*WHAT IS EXPECTED*
Would you restate, word for word, only the lines starting at the one with "casa-cucador-resale-villa-for-sale-in-zurgena" and ending with the final line of the entries below? Pictures stay out.
*** Opening of DATA SHOWN ***
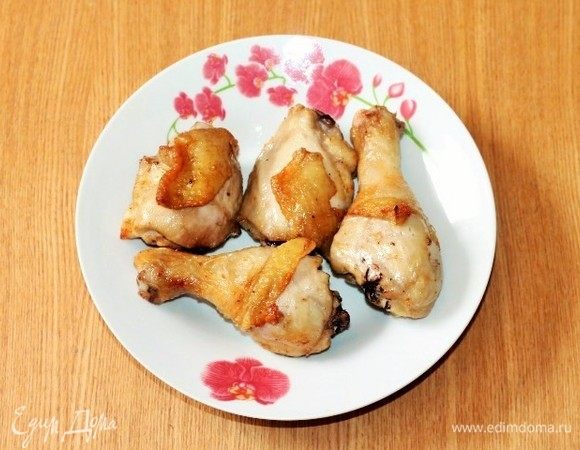 На хорошо разогретом растительном масле жарим окорочка до готовности и до румяной корочки.
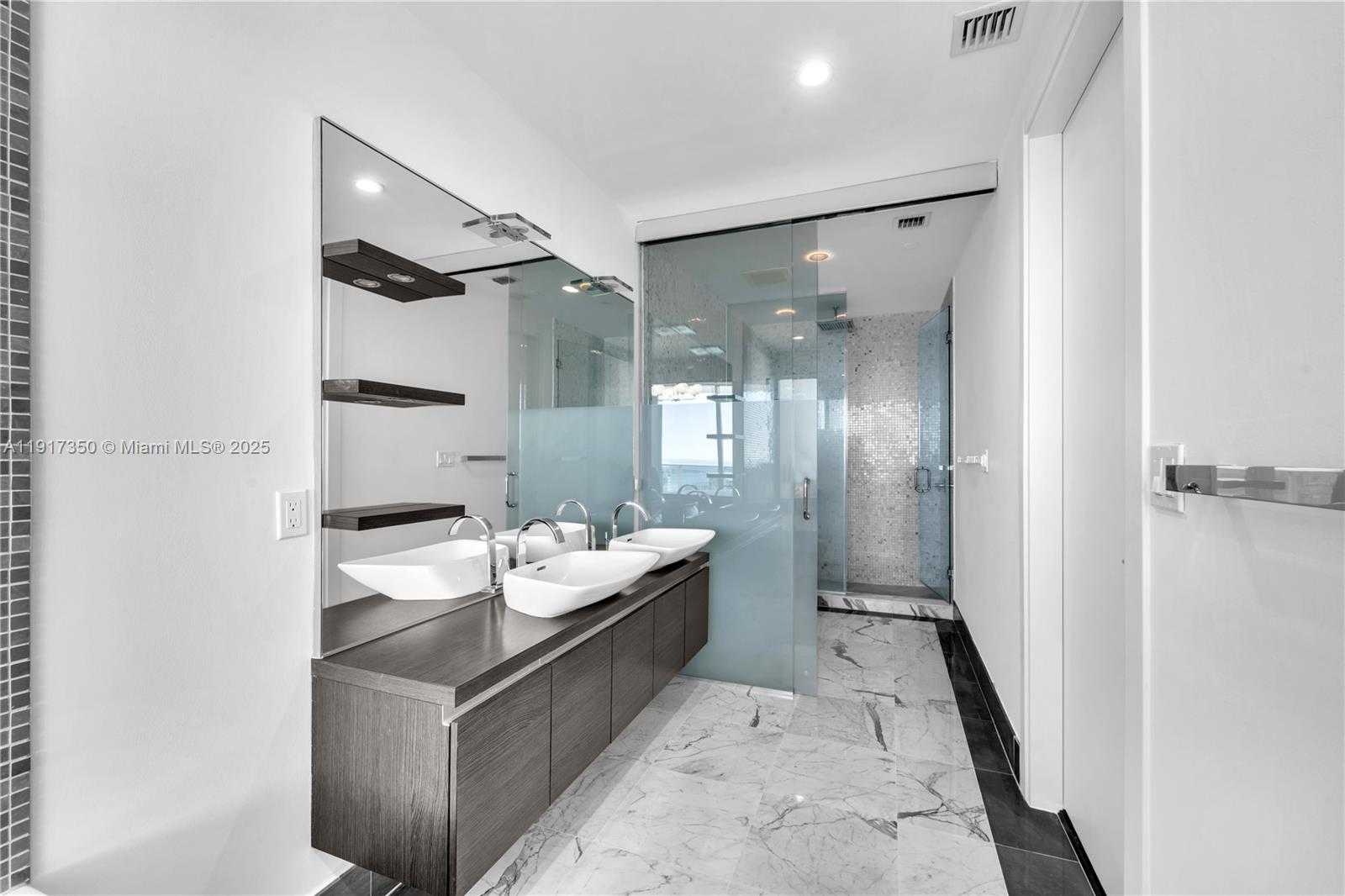 Small Image of 200 BISCAYNE BOULEVARD WAY #5103, Miami Number 17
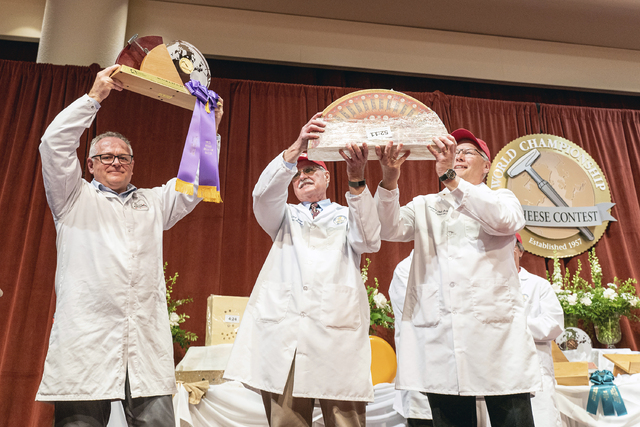 Vinnarostarna i ost-mästerskapen i Madison, Wisconsin: Etta blev en gruyere.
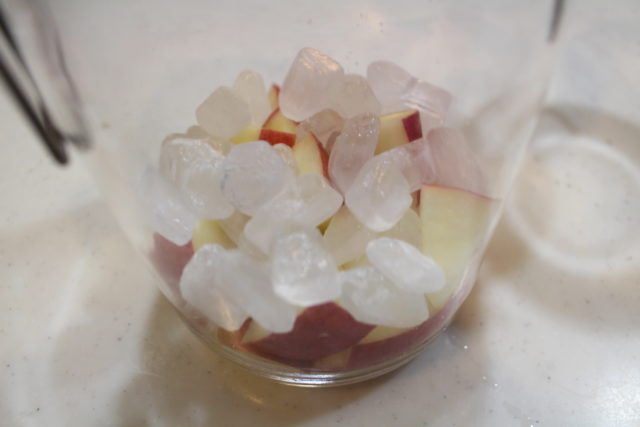 IMG 3409 氷砂糖で彩り豊かなフルーツビネガーの作り方（アップルビネガーとマスカットビネガーのレシピ）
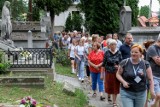 Spacer śladami historii po Starym Cmentarzu w Tarnowie. Zainteresowanie było duże. Zdjęcia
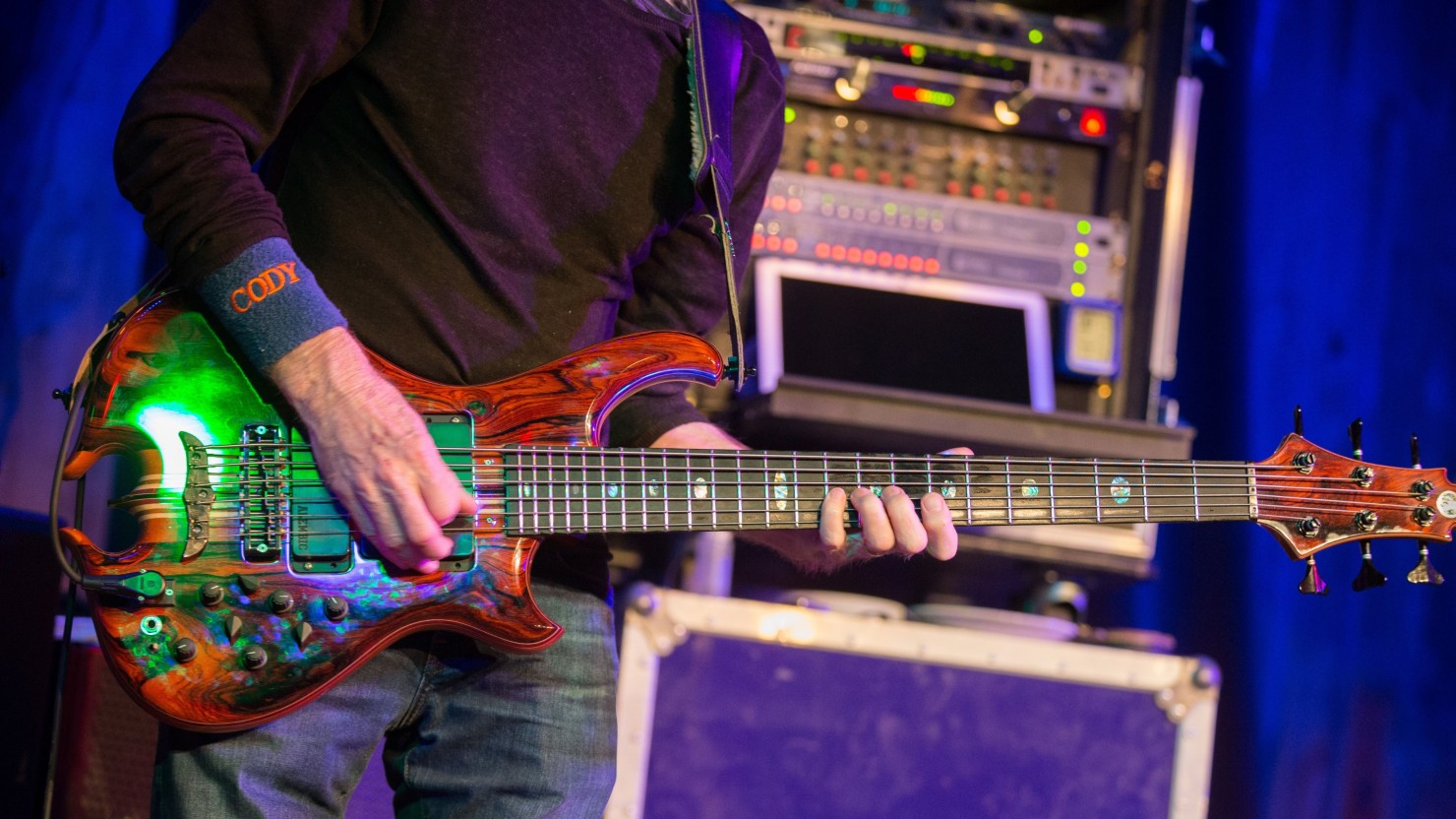 Phil Lesh et ses amis commencent la première tournée "The Q" à cette date en 2000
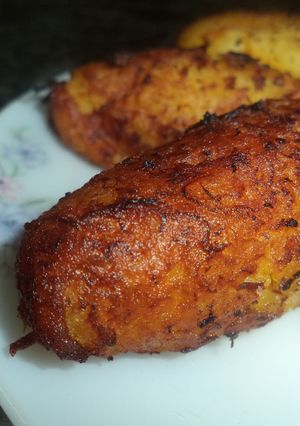 A picture of Unnakaya(sweet made with banana).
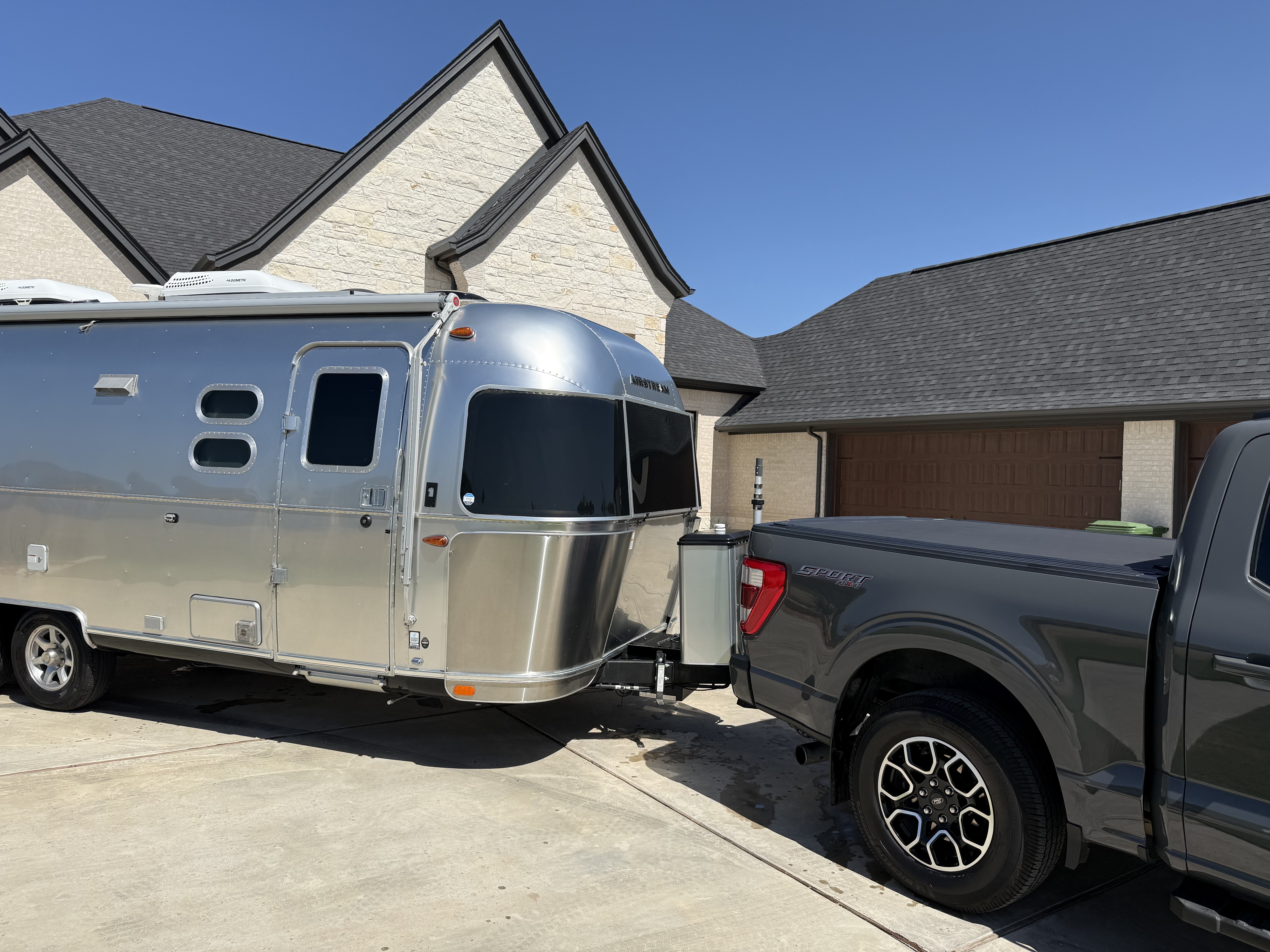 2022 Airstream FLYING CLOUD 25RB QUEEN in granbury TX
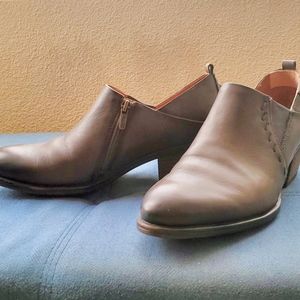 Pikolinos new gray booties size 42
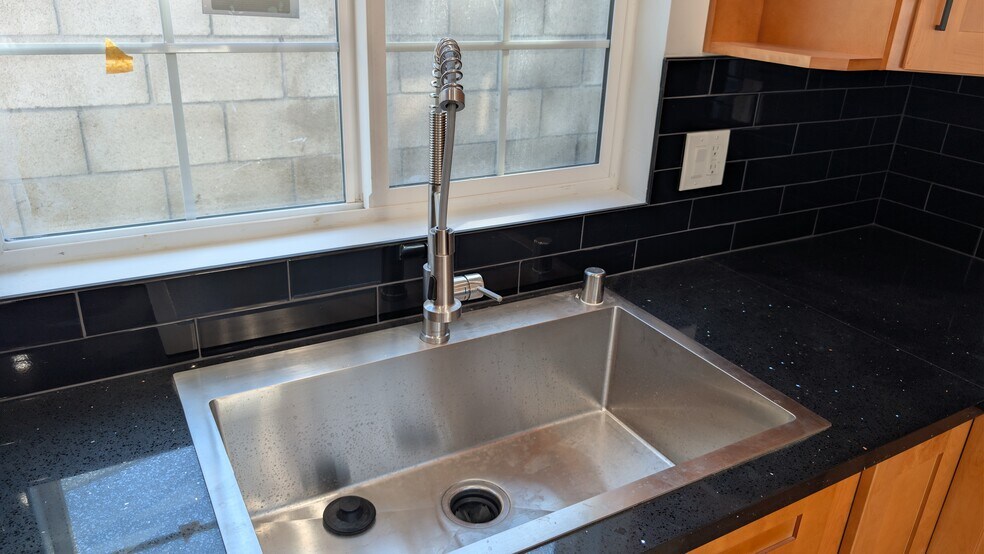 Building Photo - 20746 Elaine Ave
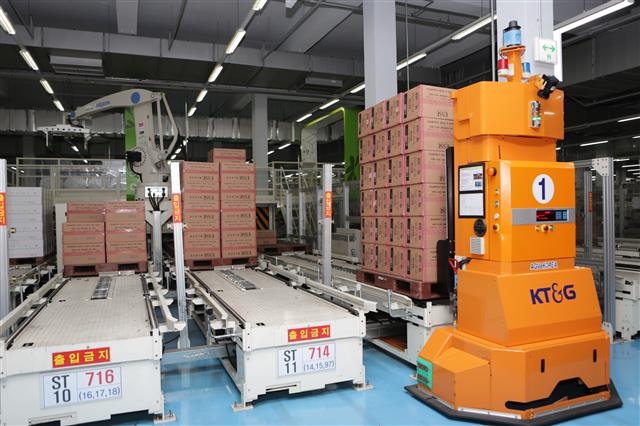 대전 대덕구 KT&G 신탄진공장에서 로봇들이 수출용 담배 박스를 자동으로 분류해 옮기고 있다. KT&G 제공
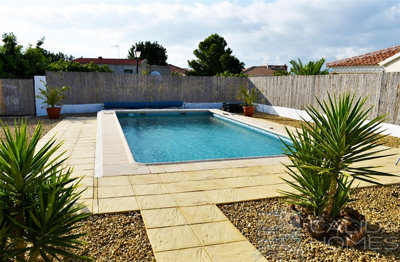 casa-cucador-resale-villa-for-sale-in-zurgena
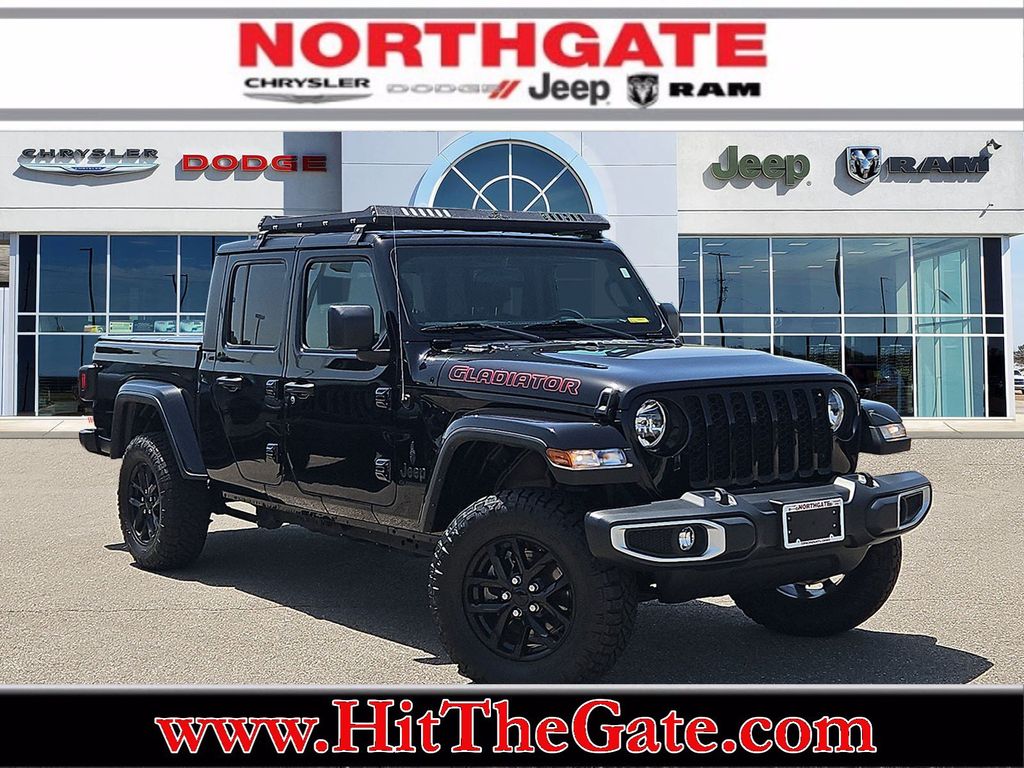 2022 Jeep Gladiator Sport S's photo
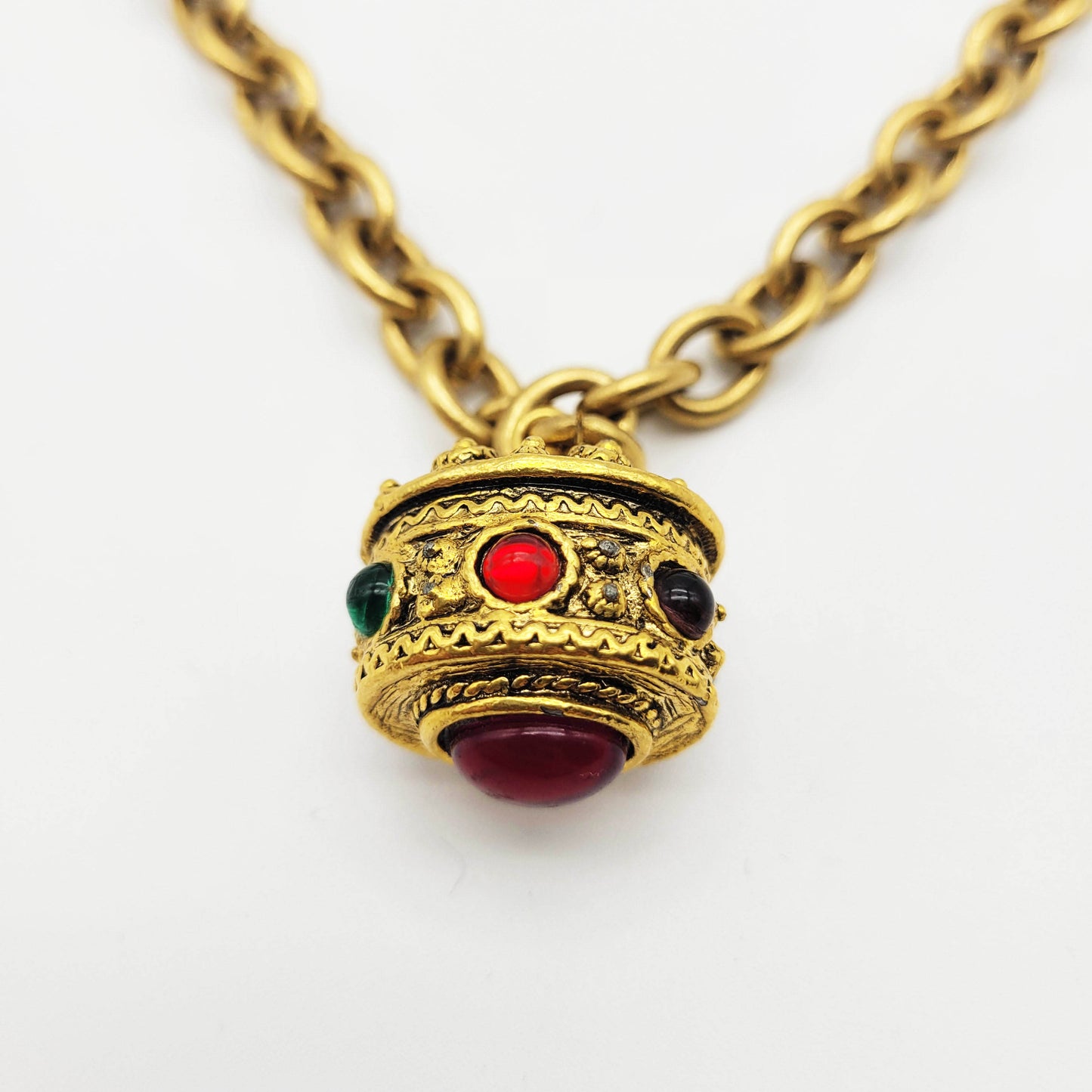 Vintage pendant necklace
*** Close of DATA SHOWN ***
*RESPONSE AREA*
 casa-cucador-resale-villa-for-sale-in-zurgena
 2022 Jeep Gladiator Sport S's photo
 Vintage pendant necklace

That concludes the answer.